Some areas that were previously skills are now expressed as three additional saves. Unlike skills, saves will typically be reactive: the GM will request a roll when something unexpected happens. In particular, this changes how athletic challenges are framed: a character doesn’t explicitly need to make an Athletics check to climb a wall or jump a pit if it’s a reasonable size and there is no time pressure, but may need to make a save based on external difficulties (such as wind or unexpected slipperiness) or if there is an impending threat that may break concentration.
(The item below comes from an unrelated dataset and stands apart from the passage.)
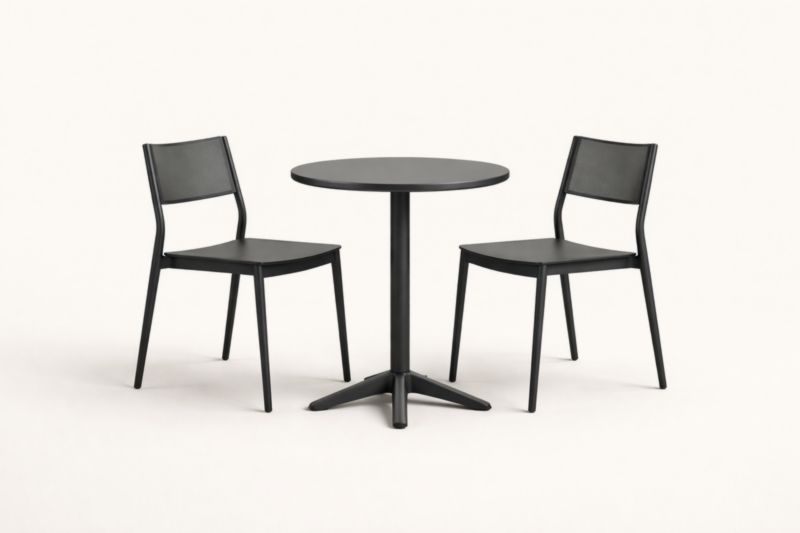 Set da Bistrò Tavolo Rotondo e 2 Sedie in Alluminio Nero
  • Athletics (Str): Physical activities that rely on strength and stamina rather than agility (Climb, Jump, Swim)
  • Perception (Int): Avoiding surprise, countering stealth, and other reactive awareness (Listen and Spot)
  • Grace (Cha): Resisting social attacks, making a good first impression, and impressing when dancing or otherwise acting poised (Sense Motive (Reactive) and Perform (Dance))
  • Normal Saves: Balance, Ride, and Tumble checks become Reflex saves; Concentration becomes a Will save

Figuring Saves and Skills

Saves

  • Good: Level/2 + 2 (as Rogue Reflex)
  • Bad: Level/3 (as Rogue Fortitude)
Class Athletics Perception Grace
Barbarian Good Good Bad
Bard Bad Bad Good
Cleric Bad Good Good
Druid Good Good Bad
Fighter Good Good Bad
Monk Good Good Good
Paladin Good Bad Good
Ranger Good Good Bad
Rogue Bad Good Bad
Sorcerer Bad Bad Good
Wizard Bad Good Bad

Skills

  • Fast: Level x 1.0 (as Fighter BaB)
  • Medium: Level x 0.75 (as Cleric BaB)
  • Slow: Level x 0.5 (as Wizard BaB)
Class Criminal Wilderness Knowledge Mundane Social
Barbarian Medium Fast Slow Medium Slow
Bard Medium Slow Medium Slow Fast
Cleric Slow Slow Medium Fast Medium
Druid Slow Fast Medium Medium Slow
Fighter Slow Medium Slow Fast Medium
Monk Medium Slow Medium Fast Slow
Paladin Slow Medium Slow Medium Fast
Ranger Medium Fast Slow Medium Slow
Rogue Fast Medium Slow Slow Medium
Sorcerer Medium Slow Medium Slow Fast
Wizard Slow Medium Fast Medium Slow

Skill Specialty

A Skill Specialty is a +2 Competence Bonus to a skill that increases to +4 at 10th level. It replaces the Skill Focus feat.